Required action =>
Repeat the records exactly. Leave out the pictures.

○ ○ ○

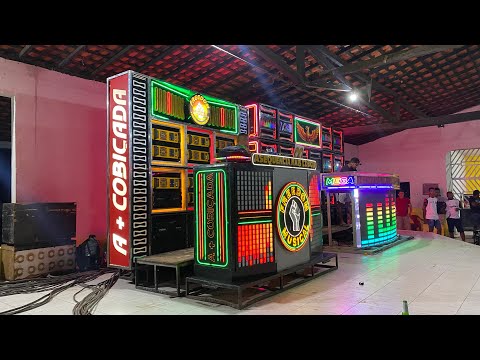 TESTE DA FREEDOM MUSICAL NO DUELO COM A MEGA BRISA / ASSOCIAÇÃO TIRADENTES / PINDARE-MIRIM - MA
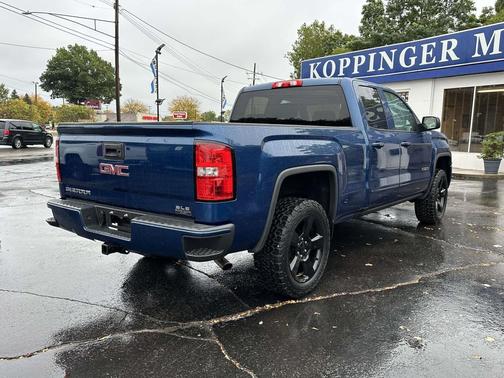 2017 GMC Sierra 1500 SLE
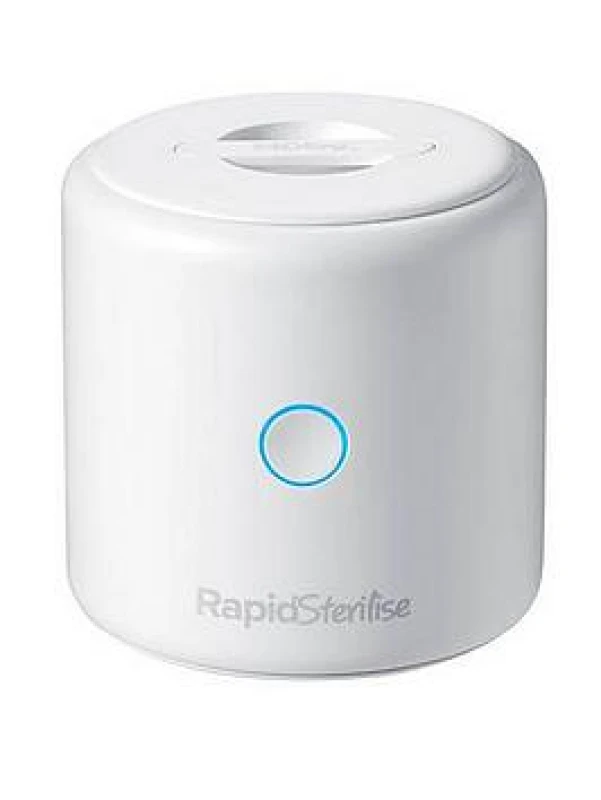 Image of Nuby Rapidsterilise Baby Bottle Maker Steriliser - White NB30205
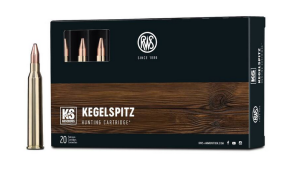 RWS 6,5*65R KEGELSPITZ 8,2g 20Stk.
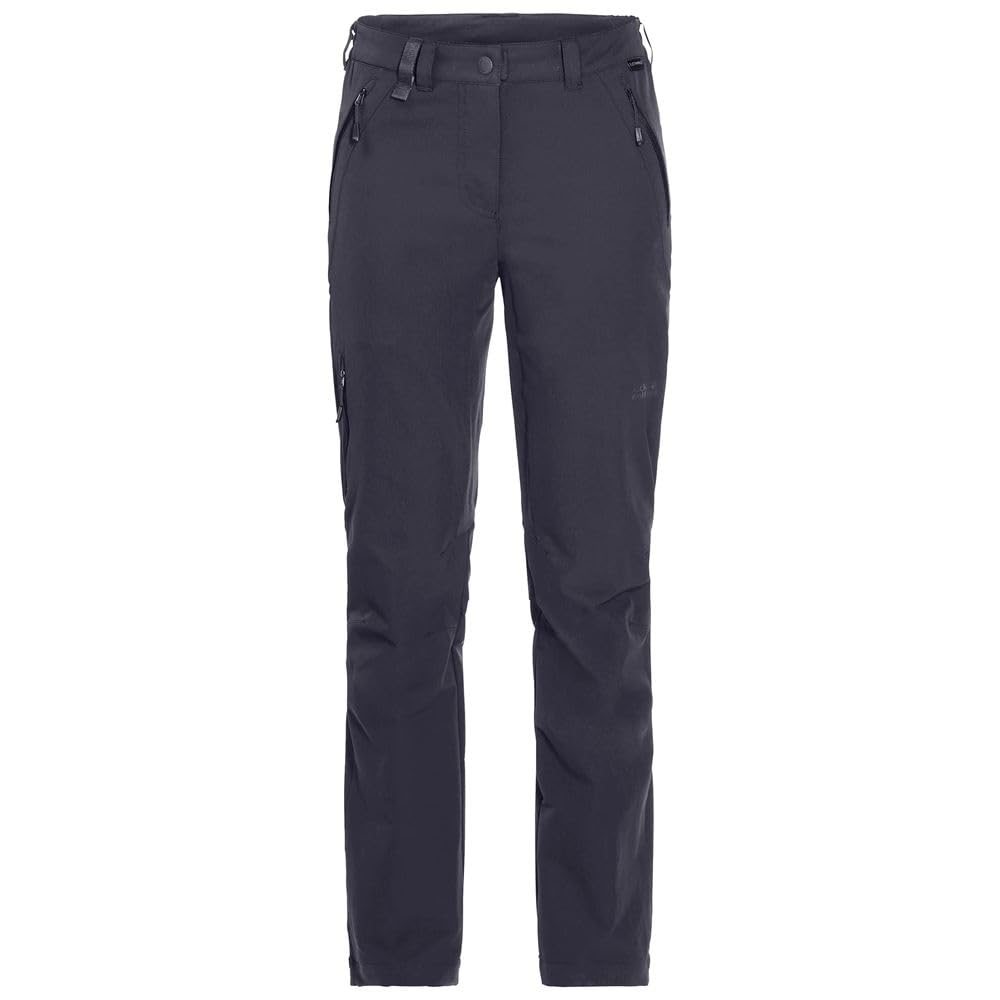 Jack Wolfskin Damen Wanderhose Activate Xt Women 40 Graphite, 40 Graphite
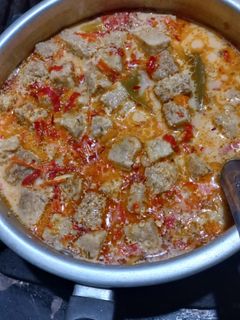 Foto resep Lodeh tempe menjes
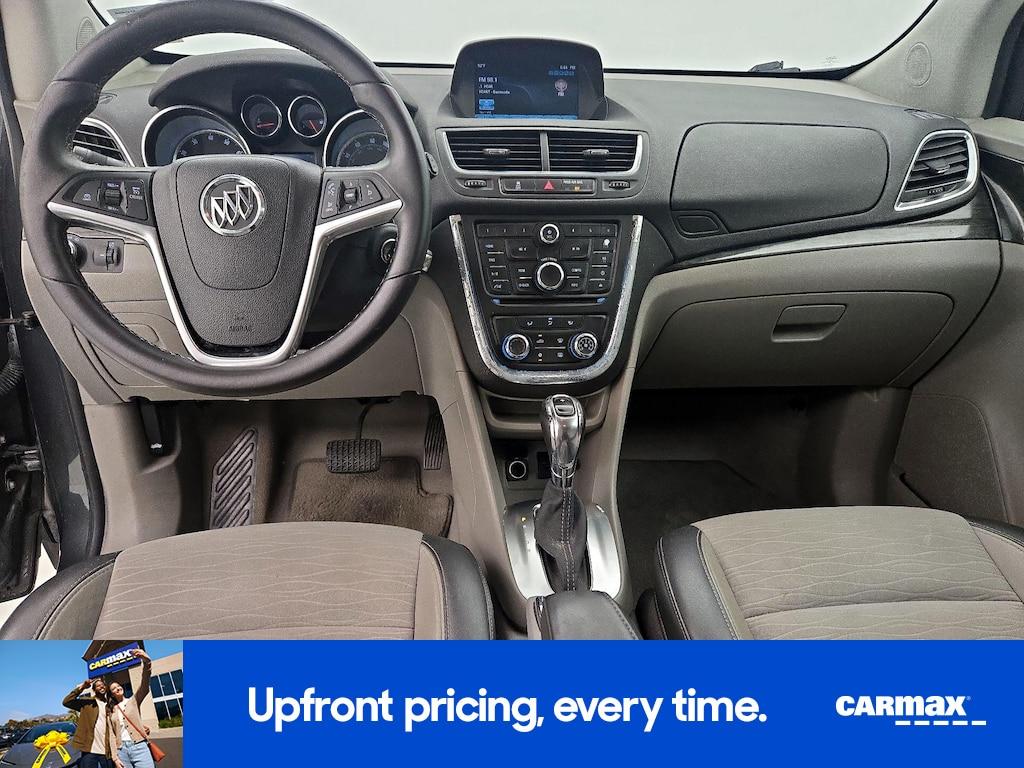 used 2016 Buick Encore car, priced at $13,599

○ ○ ○

Answer box =>
 TESTE DA FREEDOM MUSICAL NO DUELO COM A MEGA BRISA / ASSOCIAÇÃO TIRADENTES / PINDARE-MIRIM - MA
 2017 GMC Sierra 1500 SLE
 Image of Nuby Rapidsterilise Baby Bottle Maker Steriliser - White NB30205
 RWS 6,5*65R KEGELSPITZ 8,2g 20Stk.
 Jack Wolfskin Damen Wanderhose Activate Xt Women 40 Graphite, 40 Graphite
 Foto resep Lodeh tempe menjes
 used 2016 Buick Encore car, priced at $13,599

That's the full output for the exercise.